Folgendes Szenario: Ein philosophisch interessierter Mann forscht in der Tiefe seines Geistes und gelangt dabei zu der Erkenntnis: unsere Erde muß die Form eines Tetraeders haben. Dies begründet er mit seines Geistes logischen Erwägungen (wir wollen nicht näher auf seine Gedankengänge eingehen). Er schreibt sein Wissen darüber nieder und, weil er ein charismatischer Mensch ist, gelingt es ihm, seine Erkenntnis unter das Volk zu bringen. Seine Lehre verbreitet sich schnell und schon bald geben auch seine Schüler überzeugt sein Wissen weiter. Es finden sogar regelmäßig spirituelle Versammlungen in extra errichteten tetraedrisch geformten Gebäuden statt, mit dem Ziel, die Ursachen seiner Erkenntnisgewinnung nachzuvollziehen und zu erleben. Einigen der Teilnehmer gelingt das ihrer Aussage nach sogar im Trance-Zustand. Jedenfalls wird es unumstößliche Tatsache, daß die Erde ein Tetraeder ist, auf welchen die 4 Weltreiche Umbrien, Oradien, Eposcha und Algamera je eine der vier Flächen bewohnen.
Nun passiert, daß nach vielen, vielen Jahren einer der Nachfolger unseres Philosophen eines Abends bei Betrachtung des Sonnenuntergangs an der Küste Umbriens bemerkt, daß sich am Horizont die Wasseroberfläche des Meeres wölbt, wie die Rundung eines Kreises. Er schließt daraus, daß sich der Begründer der Lehre wohl geirrt haben muß, denn die Erde kann wegen der gewölbten Erscheinung des Horizontes NIE ein Tetraeder sein, denn, wäre sie ein Tetraeder, wäre der Horizont gerade wie die Kante des Körpers. Aufgeregt beschließt er, der Welt nun von dessen Irrtum zu berichten, denn die Erde ist ja eine Scheibe.

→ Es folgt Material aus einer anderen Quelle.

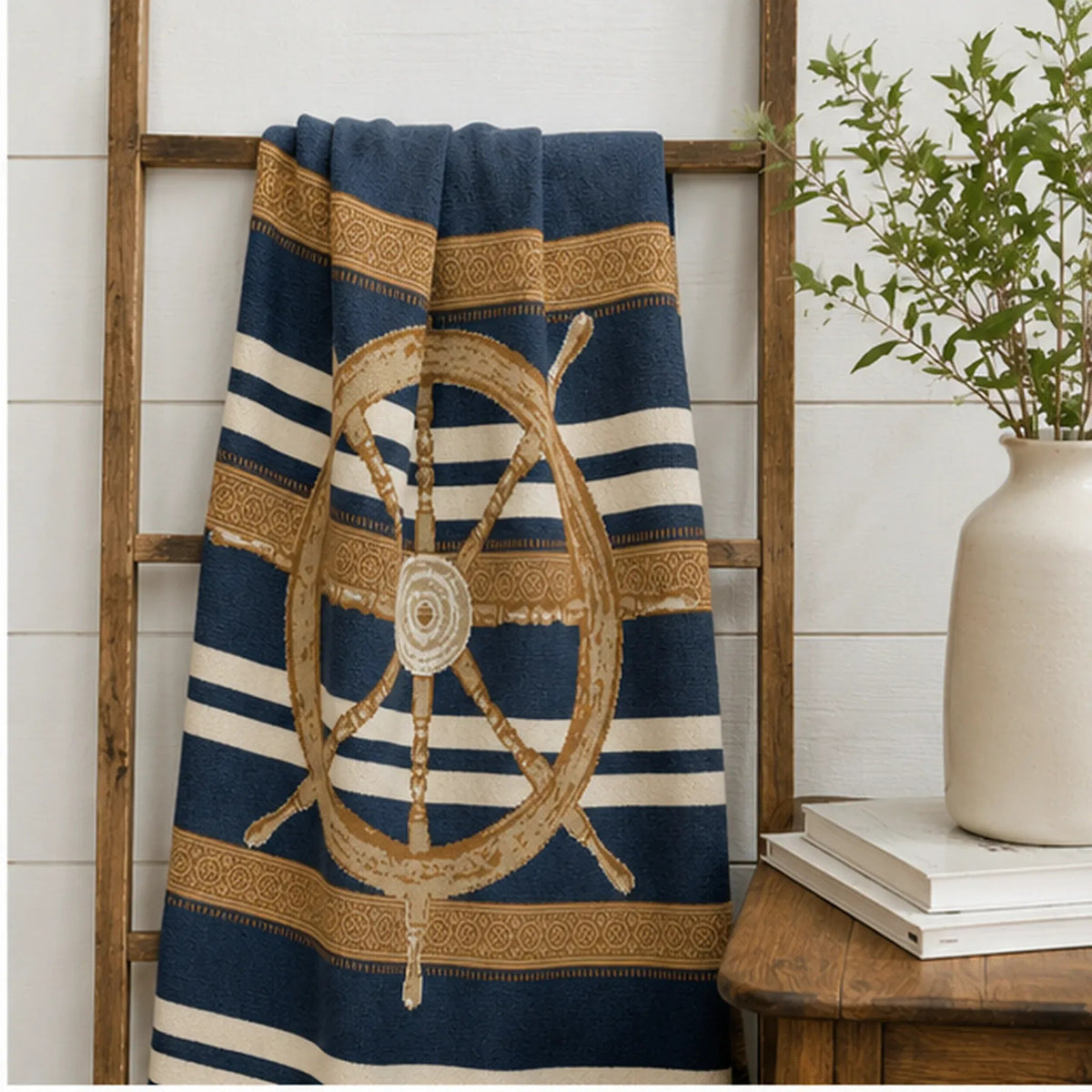 Nautical Captain's Wheel - Cotton Sustainable Knit Traditional Throw Blanket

Wie, glauben Sie, geht unsere Geschichte weiter?
Inzwischen gibt es schon viele Professoren und Gelehrte, deren Fähigkeiten in der Berechnung des Umfanges und Volumens des Erdtetraeders bestehen. Folgten sie den neuen Erkenntnissen an, gäben sie zu, daß auch sie sich bisher irrten.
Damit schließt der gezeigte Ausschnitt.